História sempre foi minha matéria favorita na escola e, até o presente momento, flerto a possibilidade de uma futura graduação na área. Então, quando me deparei com este enigmático título da provável existência de um viking de pele negra, tendo sido um dos maiores heróis nórdicos, fiquei intrigada e curiosa o bastante para mergulhar em sua leitura. Contudo, já lhes deixo um aviso repassado pelo próprio autor – embora o mesmo tenha usado outras palavras – de que esta obra não é de todo 100% fidedigna, mas sim um compêndio formado por anos de pesquisa onde relatos de testemunhas nem sempre confiáveis, fatos históricos incompletos e grande parte do imaginário do próprio escritor que é descendente em trigésimo grau do dito “viking negro”.

Por que lhes falo entre aspas?

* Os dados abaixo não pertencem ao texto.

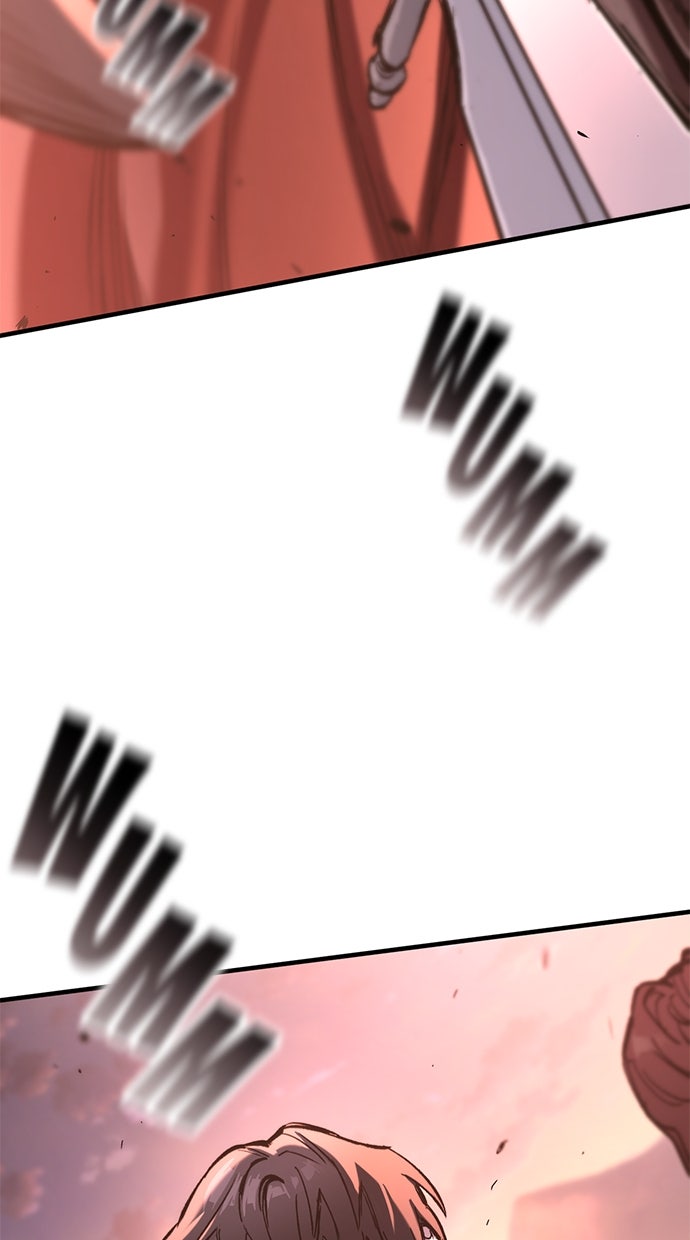 Read Der Ritter lebt nur heute Manga Online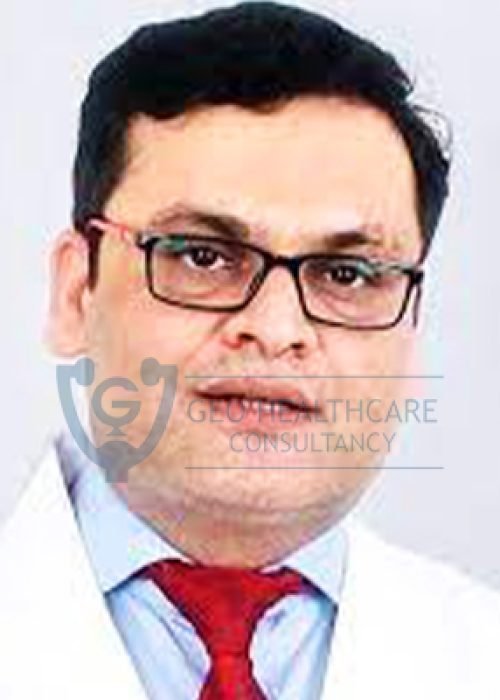 Dr.-Vivudh-Pratap-Singh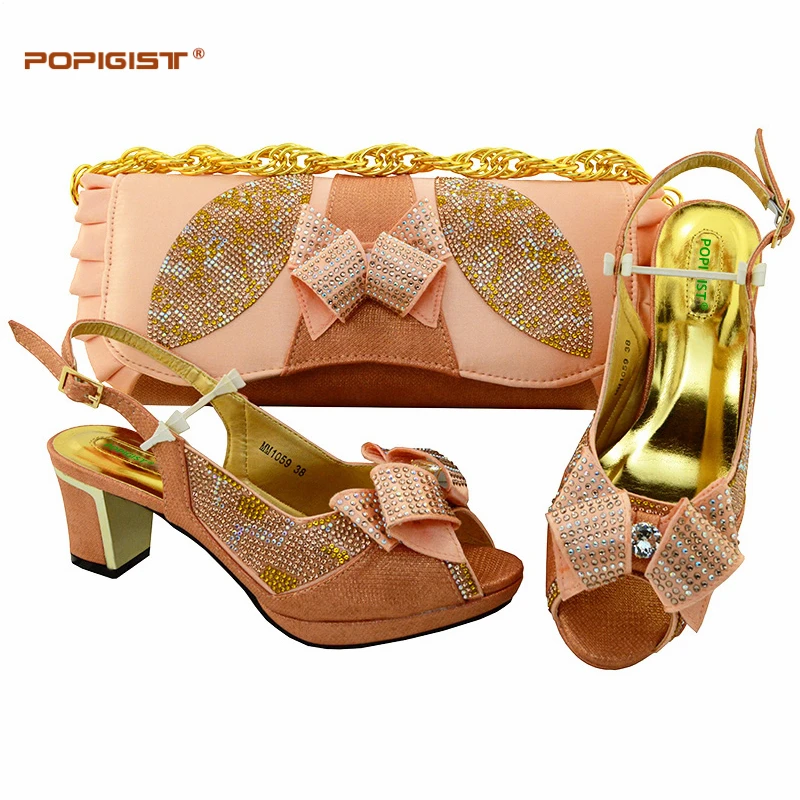 MM1059 Peach 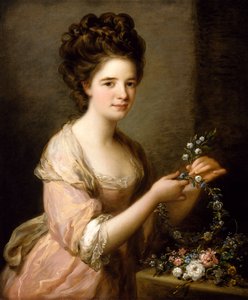 Eleanor
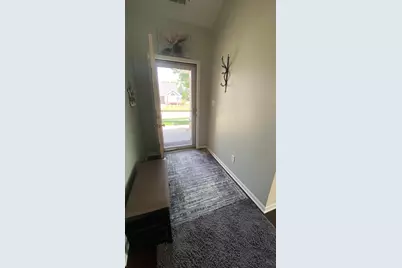 5225 E 109th Place, Crown Point, IN 46307 - Photo 37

Veja bem, ele era visto como negro para as pessoas da época, mas não para os padrões atuais. Em minhas próprias pesquisas, ainda no início da minha leitura de O Viking Negro, me deparei com um artigo traduzido da historiadora Maria Kvilhaug confirmando que, sim, Geirmund (Heljarskinn) Pele-Negra, que viveu entre 850 e 950 dC, possuía a pele mais escura que a de seus conterrâneos vikings, contudo, ele não era afrodescendente visto que sua mãe era siberiana, descendida dos mongóis que possuíam cabelos negros e pele escura, e seu pai um autêntico homem nórdico – branco de cabelos claros.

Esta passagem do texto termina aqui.